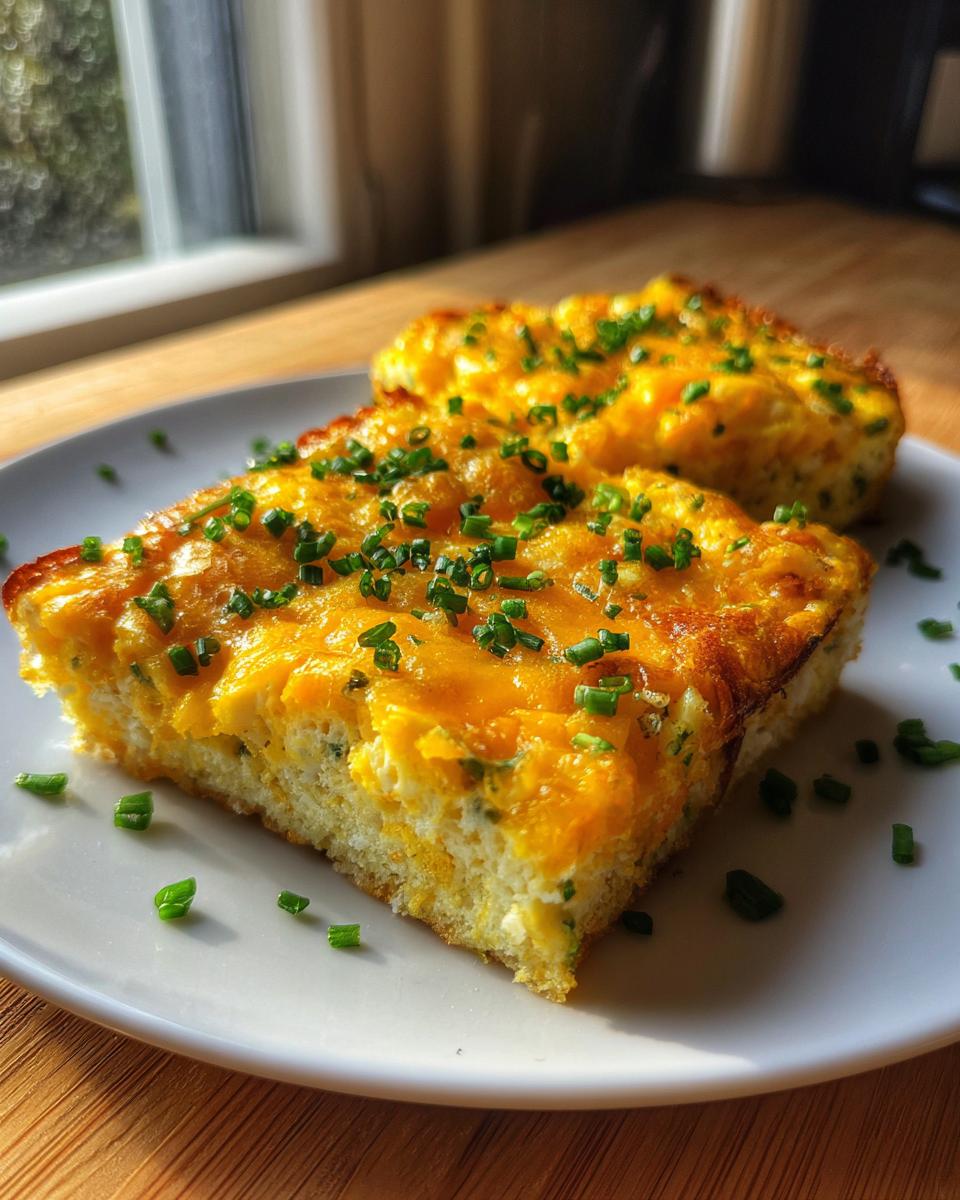 A close-up of a square slice of baked sheet pan eggs topped with melted cheddar cheese and fresh chives.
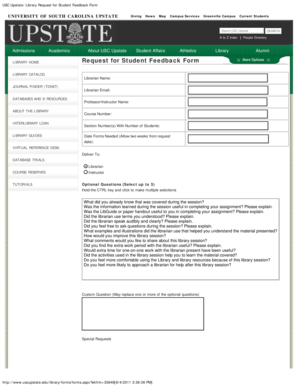 Online forms - University of South Carolina Upstate - uscupstate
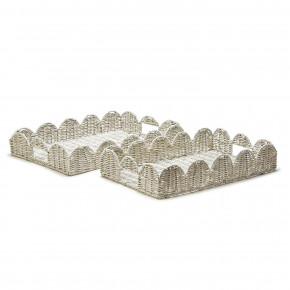 All Weather Wicker Rectangle Serving Trays, Set of 2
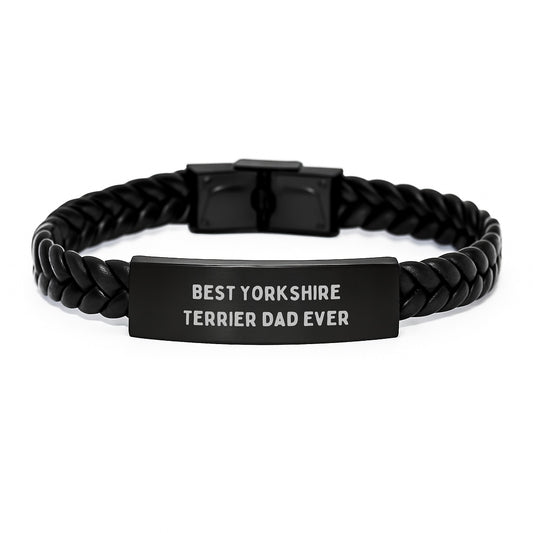 Yorkshire Terrier Dog Lover Gifts, Funny Quote Interlaced Leather Bracelet, Gifts from Men to Best Yorkshire Terrier Dad Ever, Birthday Unique Gifts for Men Friends Family - Image 1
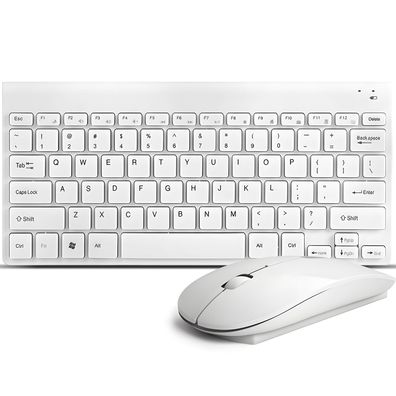 Tastatur und Maus Set Bluetooth Kabellos Kompatibel PC Computer Laptop Weiss Retoo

WHAT YOU NEED TO DO - Above, find the line with "All Weather Wicker"; copy it and every line down to the line with "Yorkshire Terrier Dog", exactly and both included, but no pictures.

TASK SOLUTION -
 All Weather Wicker Rectangle Serving Trays, Set of 2
 Yorkshire Terrier Dog Lover Gifts, Funny Quote Interlaced Leather Bracelet, Gifts from Men to Best Yorkshire Terrier Dad Ever, Birthday Unique Gifts for Men Friends Family - Image 1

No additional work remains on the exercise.